MySQL Bugs: #25918: ndb_restore fails when restoring a backup of a disk-data cluster

Bug #25918	ndb_restore fails when restoring a backup of a disk-data cluster
Submitted:	29 Jan 2007 15:48	Modified:	13 Mar 2009 8:50
Reporter:	Rob Kinyon	Email Updates:
Status:	Patch approved	Impact on me:	None
Category:	MySQL Cluster: Disk Data	Severity:	S1 (Critical)
Version:	mysql-5.1	OS:	Linux (Ubuntu 6.06 ETS)
Assigned to:	Assigned Account	CPU Architecture:	Any
Tags:	5.1.14, 5.1.22

Description:
When running ndb_restore as root, the undo*.dat files cannot be overwritten, thus ndb_restore fails partially through.

How to repeat:
I took a backup of a disk-data cluster, then destroyed the data in the cluster by taking the cluster down and bringing it back up with "ndbd --initial". I then did the following command (with output).
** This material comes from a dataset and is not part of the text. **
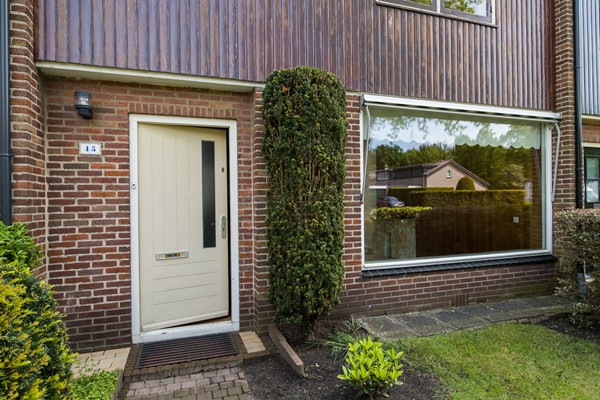 Medium property photo - Zenderlaan 45, 1276 EL Huizen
root@bed1:/usr/local/mysql/bin# ./ndb_restore -m -b 1 --backup_path /var/lib/mysql-cluster/BACKUP/BACKUP-1/ -n 2
Backup Id = 1
Nodeid = 2
backup path = /var/lib/mysql-cluster/BACKUP/BACKUP-1/
Ndb version in backup files: Version 5.1.14
Connected to ndb!!
Creating logfile group: lg_2...done
Creating tablespace: ts_2...done
Creating undofile "undo_10.dat"...FAILED
Create undofile failed: undo_10.dat: 1509: File system error, check if path,permissions etc
Restore: Failed to restore table: sys/def/8/username$unique ... Exiting

When I manually deleted the undo files and re-ran ndb_restore, it complained about the tablespace already being there. I had to remove the ndb_2_fs directory and restart the node.

Rob,

the ndb_restore permissions have no impact on this.  It is the ndbd's that create the files.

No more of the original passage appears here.